What are bloggers and other commentators saying about the new EO on cybersecurity and PPD-21?

by / February 19, 2013
President Barack Obama as he speaks about his proposed fiscal 2014 budget in the Rose Garden of the White House. (Photo: AP/Charles Dharapak)

Most readers of this blog already know that President Obama released an executive order last week on the topic of cybersecurity. The actual text of the executive order, along with the text of the more detailed Presidential Policy Directive / PPD-21, offer a glimpse into the future of our cybersecurity battles in America over the next few years.  

I have waited almost a week to comment so that I could summarize global reaction to these new edicts. As I mentioned before the executive order came out, new guidance on cybersecurity was almost inevitable for a variety of reasons. Well now the federal government’s sector-specific agencies have their marching orders, and like it or not, it appears to be time for critical infrastructure owners and operators to get on board the ship and do more to address weaknesses and raise the bar on cyber protections.

But before I provide my opinion of the EO, let’s take a look at the full range of diverging viewpoints regarding what policy was issued. On the one end of the spectrum, several experts have strongly condemned the EO and PPD-21 as overreach and bad cyber policy. For example, here are some headlines and brief excerpts worth examining:

Obama’s Cybersecurity Executive Order Falls Short – Heritage Foundation

“… The order uses a standard-setting approach to improve cybersecurity. However, such a model will only impose costs, encourage compliance over security, keep the U.S. tied to past threats, and threaten innovation.

While the EO does take some positive steps in the area of information sharing, these steps are hamstrung by the EO’s inability to provide critical incentives such as liability protection. As a result, this order could result in few modest changes, or it could result in substantial negative effects….”

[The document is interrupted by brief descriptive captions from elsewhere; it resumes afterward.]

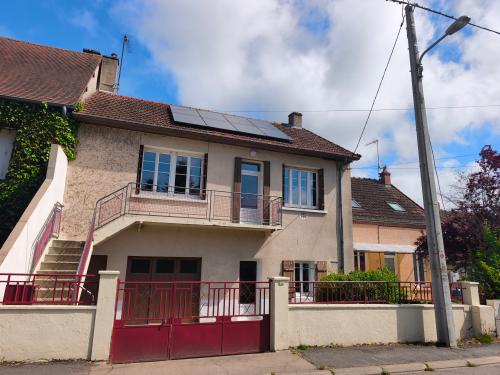 Luzy Nièvre maison de village foto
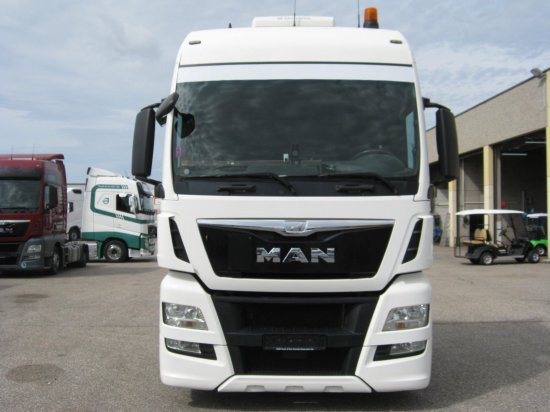 MAN TGX 18.440 XXL Low Deck, Retarder, Standklima, Euro 6, - Vetopöytäauto: kuva MAN TGX 18.440 XXL Low Deck, Retarder, Standklima, Euro 6, - Vetopöytäauto MAN TGX 18.440 XXL Low Deck, Retarder, Standklima, Euro 6, - Vetopöytäauto: kuva MAN TGX 18.440 XXL Low Deck, Retarder, Standklima, Euro 6, - Vetopöytäauto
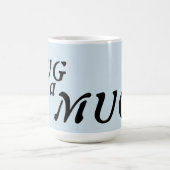 Umarmen einer Tasse (Mittel)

Just as negative, is a leading cyber industry expert Richard Stiennon and author over at Forbes blogs:

PPD-21: Extreme Risk Management Gone Bad  - Forbes Magazine Online

“On Tuesday, February 12, 2013, President Obama issued Presidential Policy Directive 21: Critical Infrastructure Security and Resilience. PPD 21 represents my worst nightmare: the misguided mantra of management consultants writ large. How large? The entire Federal juggernaut is to be roped into a tangle of coordination, data exchange, R&D, and risk management to address ephemeral threats to critical infrastructure. It even stretches around the world to include governments that may host critical facilities and assets of the United States….”

Meanwhile, on the other extreme, there are calls for stronger regulations, more teeth and more aggressive government mandates and action.

Too Little Too Late: Obama’s Cybersecurity Executive Order is Way Under-Par  - ABI Research in London

“… The U.S. President’s Executive Order on ‘Improving Critical Infrastructure Cybersecurity’ signed yesterday failed massively to address the burning requirements for securing the American nation. Although the Order proposes an information sharing platform and a cybersecurity framework, these solutions are weak and lack the bite that would make it effective….”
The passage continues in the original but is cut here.